Molina has been surprisingly candid about his latest record. He doesn’t quite explain Josephine, but he doesn’t hide the fact that it is a reckoning with the death of a friend and fellow musician. Appropriately, the record is one of the darkest the Company has crafted. In places it recalls the subterranean gloom and lonely isolation of the best Songs: Ohia records, but it doesn’t linger in the past long enough to be a step backwards. From the opening “O! Grace,” which features a surprising sax solo, to the romance of “Rock of Ages” and the punchy organ on “Little Sad Eyes,” Molina and his band avoid falling into clichés by refusing to sit still. The variety of musical styles and instrumentation is, in part, a tribute to the ideas Farrell had for this record, but also proof positive that Molina is one of the best songwriters this country has. He moves gracefully from the straight rock of “Josephine” and “The Handing Down” to the woeful sludge of “Knoxville Girl” and the bar-room balladry of “Heartbreak at Ten Paces.” Keeping these disparate adventures in tact is Molina’s magical lyricism, which deserves a review of its own in many ways. Although the familiar images of horizons, bells, moons, and birds persist on this record, they acquire a personal dimension in light of Molina’s forwardness.

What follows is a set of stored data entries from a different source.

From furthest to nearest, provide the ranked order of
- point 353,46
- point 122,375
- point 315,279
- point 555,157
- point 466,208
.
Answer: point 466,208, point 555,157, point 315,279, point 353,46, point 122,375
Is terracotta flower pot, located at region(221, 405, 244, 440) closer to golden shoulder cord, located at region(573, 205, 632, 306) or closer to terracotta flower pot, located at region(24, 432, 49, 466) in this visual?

It would be easy to say that Josephine is a concept record about the loss of a bandmate, but that’d sell Molina’s songwriting ability short. Perhaps the most emotionally overwhelming song on the record, “Whip-Poor-Will,” was written at least as early as 2003. It appeared on the bonus CD to the Magnolia Electric Co. debut in acoustic form and it remains largely unchanged lyrically. So, while the song might sound like a letter to the deceased, it is more likely a song about loss and mortality in general. With Molina it’s hard to tell, however. He’s called the lyrics to “Josephine” a rebus and refused to say too much about who or what Josesphine is. As honest as he is on this record, he’s also just as obscure and impressionistic as he’s always been.

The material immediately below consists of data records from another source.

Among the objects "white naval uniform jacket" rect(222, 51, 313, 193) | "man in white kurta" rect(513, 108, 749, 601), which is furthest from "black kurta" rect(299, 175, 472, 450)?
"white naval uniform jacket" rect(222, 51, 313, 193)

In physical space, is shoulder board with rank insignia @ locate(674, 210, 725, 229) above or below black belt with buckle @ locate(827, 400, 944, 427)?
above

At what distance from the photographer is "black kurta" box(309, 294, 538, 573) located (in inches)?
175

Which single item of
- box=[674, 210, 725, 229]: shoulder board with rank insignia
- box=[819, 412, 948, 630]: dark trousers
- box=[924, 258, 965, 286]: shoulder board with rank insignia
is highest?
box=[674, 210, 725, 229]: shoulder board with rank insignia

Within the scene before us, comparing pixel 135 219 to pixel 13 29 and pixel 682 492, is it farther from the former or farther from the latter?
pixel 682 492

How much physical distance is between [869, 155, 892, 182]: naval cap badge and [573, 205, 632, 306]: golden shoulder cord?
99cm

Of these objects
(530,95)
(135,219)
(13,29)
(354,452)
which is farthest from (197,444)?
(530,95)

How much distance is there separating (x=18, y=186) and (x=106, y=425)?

Josephine focuses a lot on ghosts, hope, and believing in something, but that only solidifies the album’s central figure enough to make her something less than an abstract name on paper. She’s mentioned throughout the record with references to hope, freedom, and foolishness surrounding her. On “Hope Dies Last,” the band half cries out for her, like she’s a lost lover far beyond their reach. Musing over the album’s many themes is probably best left to each listener, who can mull over lyrics, images, and the album’s evolution in the same personal way that Jason created them. But, I think it might be possible to decode Josephine by listening to the deep, resounding bass that dominates nearly every song. Its sensuous, pulsing sound is the album’s lifeblood. It is at the center of the best songs and, like a gift, encourages Molina to explore the dark territory that has always marked his best work.